> _PROBLEM DETAILS_: Extract the whole listing as it stands. Do not include the pictures.

-------- SUPPLIED DATA

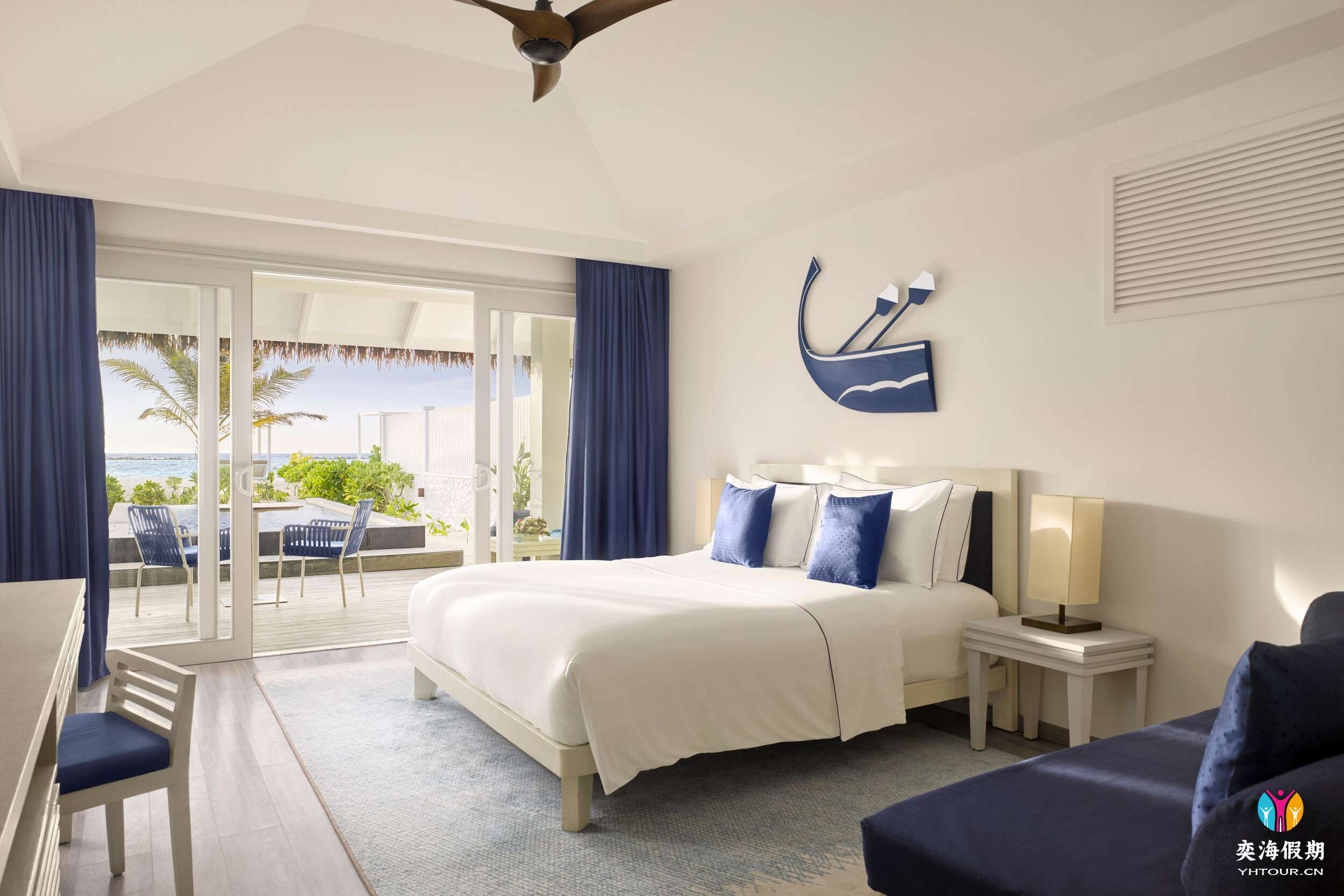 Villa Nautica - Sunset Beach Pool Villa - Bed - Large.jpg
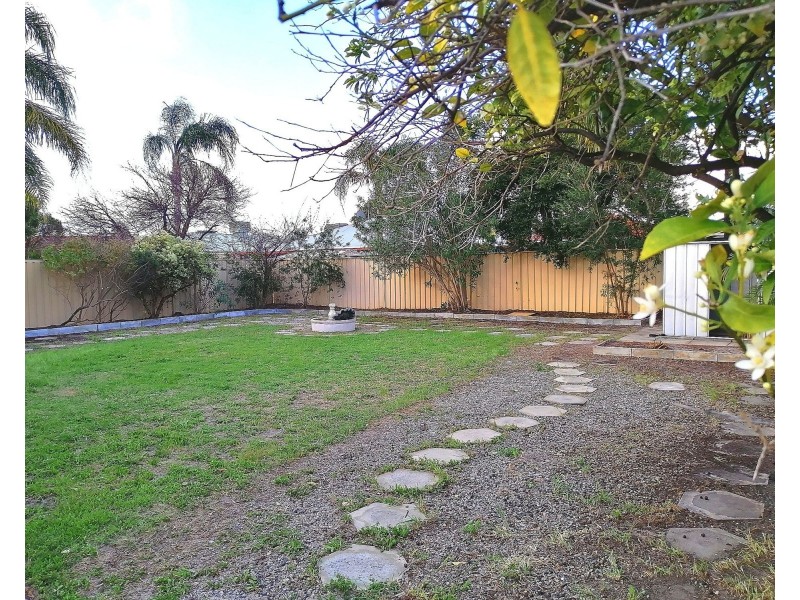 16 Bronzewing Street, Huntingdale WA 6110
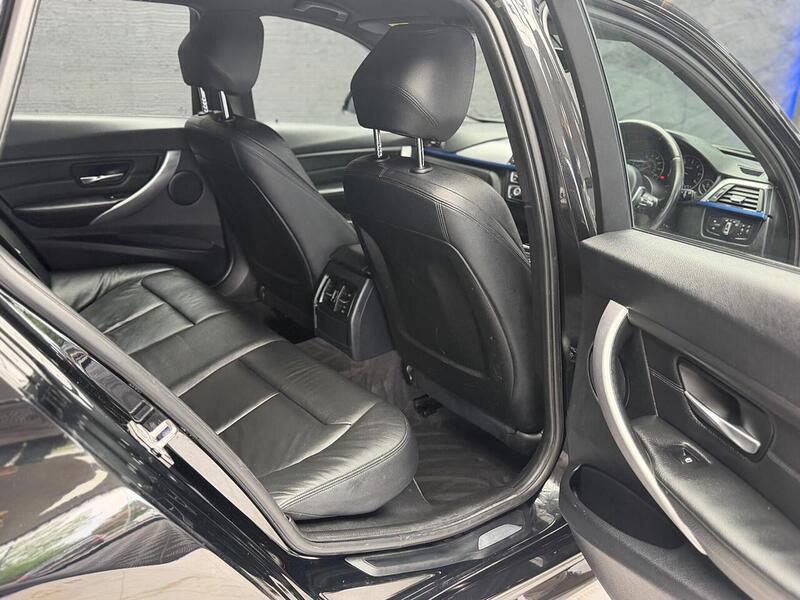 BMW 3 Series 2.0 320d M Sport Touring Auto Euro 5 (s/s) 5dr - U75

----------------

> _YOUR SOLUTION_:
 Villa Nautica - Sunset Beach Pool Villa - Bed - Large.jpg
 16 Bronzewing Street, Huntingdale WA 6110
 BMW 3 Series 2.0 320d M Sport Touring Auto Euro 5 (s/s) 5dr - U75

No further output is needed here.